Revelation 11:1,2 - Measuring the temple

This chapter is one that causes most difficulty in interpretation. There are some who don't even think it was part of the original, but they really don't have much evidence for such a silly view.
John is given a reed and told to measure "the temple of God and the altar, with its worshippers". However, he is to exclude the outer court. 
Some thing this temple is a future physical temple that would be built. This is almost certainly wrong. In Zechariah 2 we are told that the city is a city without walls, and that God is its glory within Zech 2:4,5. When Jesus talked about rebuilding the temple it was His own body He was speak about (John 2:21). And Paul tells us that we are temples of the Holy Spirit (1 Cor 6:19). Physical temples are out. 
Then there are some who say it is the believing church, this is much more likely. There are also those who say it is believing Israel. I think this latter view is in error. The new covenant destroys the divide between Israel and Gentiles (Eph 2:11-22), all believers are united in Christ. Theologies that see Israel as somehow separate are in error. Dispensationalist type views and pre-trib rapturists fall into this error as well. Now, I am absolutely certain that Israel will be saved, and that this is fundamental to God's plan, but all believers are united in Christ. Anyway, I guess I am bound to have upset someone now!
However, John is not to measure the outer court, for the Gentiles will trample on this for forty two months. There may well be an allusion to the time of Antiochus Epiphanes (168-165 BC) who caused much Jewish suffering. The period of three and a half years should not necessarily be taken literally, it may come to be just symbolic of a time of great persecution or reign of wickedness.

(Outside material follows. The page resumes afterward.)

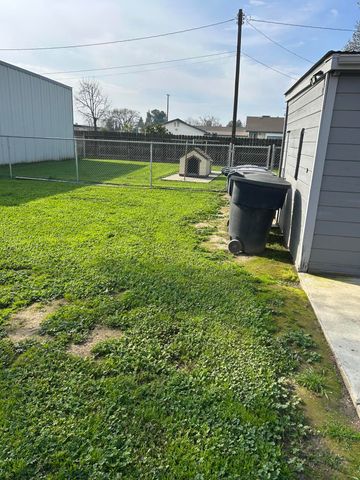 2703 E Goshen Avenue, Visalia, CA 93292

So why is John told to measure the part of the temple he is to measure? The message is that although traumatic times lie ahead (or we may be in the middle of them) God has not forgotten His people, He has not forgotten the church nor His temple. 
As an aside, it may be clear from what I say here and elsewhere that I don't have much time for numbers, and over specific interpretation of numbers or symbols. I do think that some people get far too hung up on these things. However, there is a danger that I won't pay sufficient attention to them. So just a warning. All of us have our faults and blind-spots and biases in interpretation and I have mine.